By following our third recommendation of improving your credential strategy, you’ll prevent single points of failure. For example, ensuring your users have multiple ways to satisfy strong authentication will prevent reliance on the dependencies pictured in the diagram below because they can each experience a service outage. An even better approach would be to encourage the use of passwordless authentication methods. Passwordless authentication has fewer dependencies than strong authentication using separate factors and is therefore more resilient.
In addition, by reducing these strong authentication prompts, you can further mitigate your risk of impact. One method of doing this would be to leverage trusted devices. By trusting devices you’d expect a user to be coming from, especially if it’s a corporate owned device, you can challenge the user for MFA less frequently because the risk of a bad actor physically compromising a device is lower than a bad actor using compromised credentials on a new device. Another method of reducing these prompts would be by using an emerging standard, the Continuous Access Evaluation Protocol (CAEP) which is being proposed through the Shared Signals and Events Working Group. This protocol allows for a user’s access to be revoked due to context or policy updates and can further reduce your need to prompt users.

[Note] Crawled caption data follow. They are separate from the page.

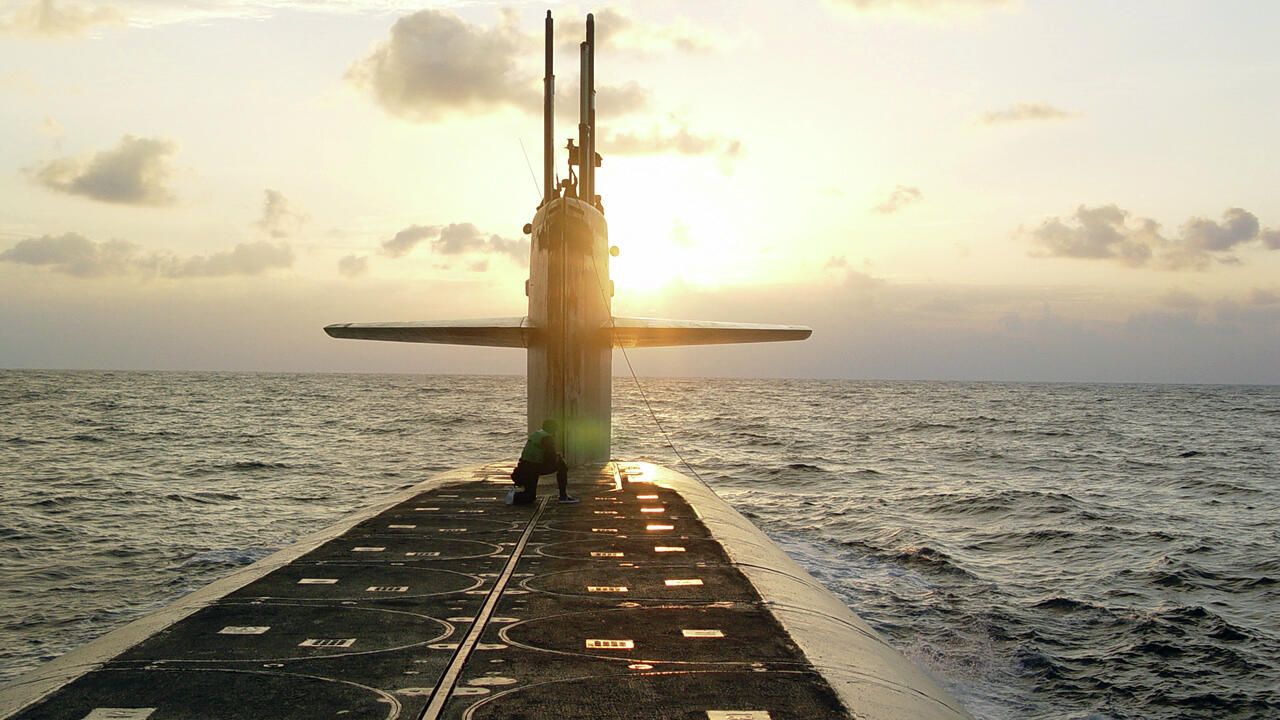 Закрытые ракетные шахты на подводной лодке USS Wyoming класса Огайо Закрытые ракетные шахты на подводной лодке USS Wyoming класса Огайо - РИА Новости, 1920, 05.02.2026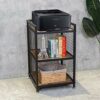 HANS CAO Industrial 3-Shelf Printer Stand, Rustic Printer Cart with Wheels, Large Printer Desk Cart with Storage Shelves, Office Organizer for Ho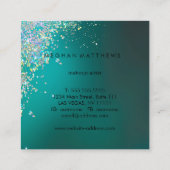 ティール(緑がかった色)ブルーかわいらしシルバーグリッターグラム美しい スクエア名刺 (裏面)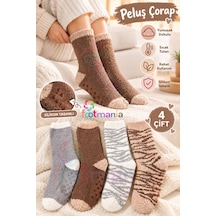 Footmania Kadın Peluş Kaydırmaz Tabanlı 4''çift Çorap Seti Extra Soft Kahverengi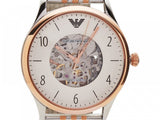 Emporio Armani Meccanico White Dial Two Tone Steel Strap Watch For Men - AR1921 Authentic Buy Shop Now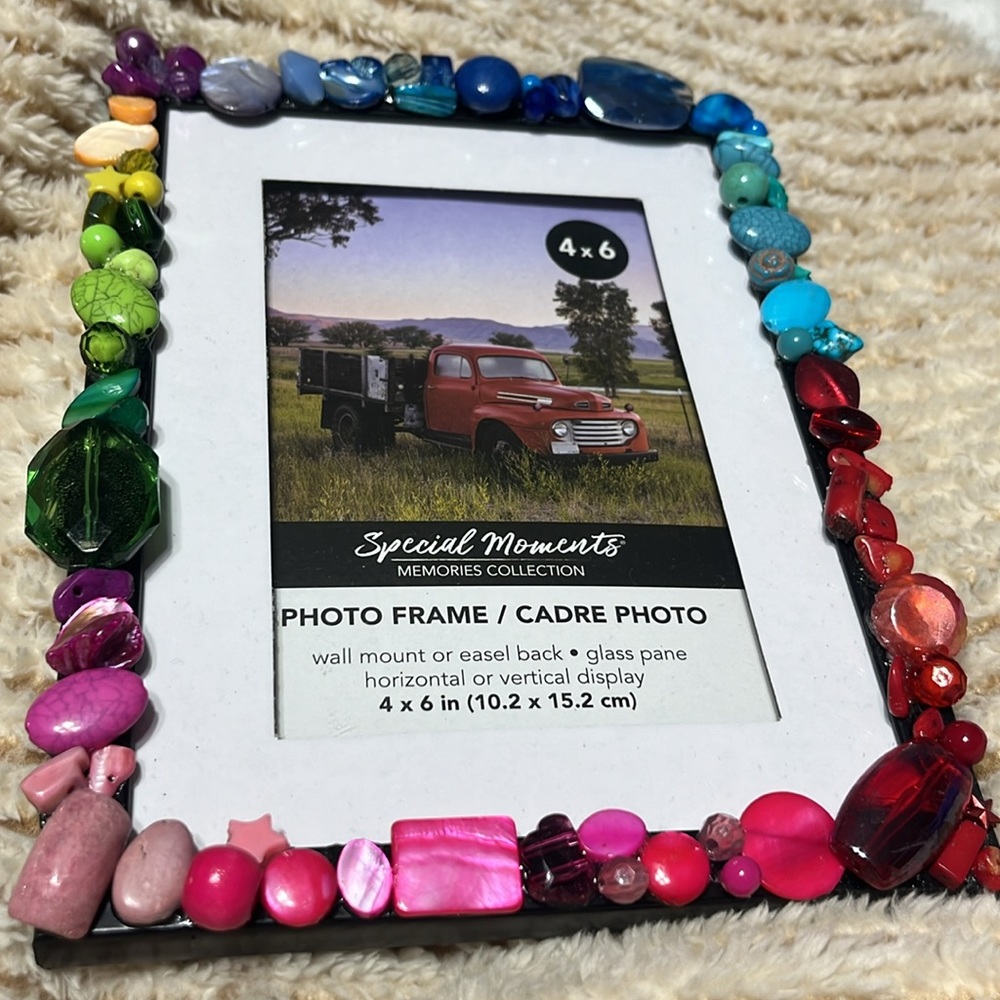 Hand crafted decorative Photo frame 4x6, glass pane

In summary, while we gave a few recommendations, the quickest and most actionable things you can do immediately to mitigate some of the risks of a potential outage would be:
- Make sure your users have multiple options to satisfy strong authentication requirements.
- Configure sign-in health monitoring and alerts for critical applications
- Apply more lenient session policies on trusted and familiar devices to reduce how frequently users are prompted for authentication on these devices.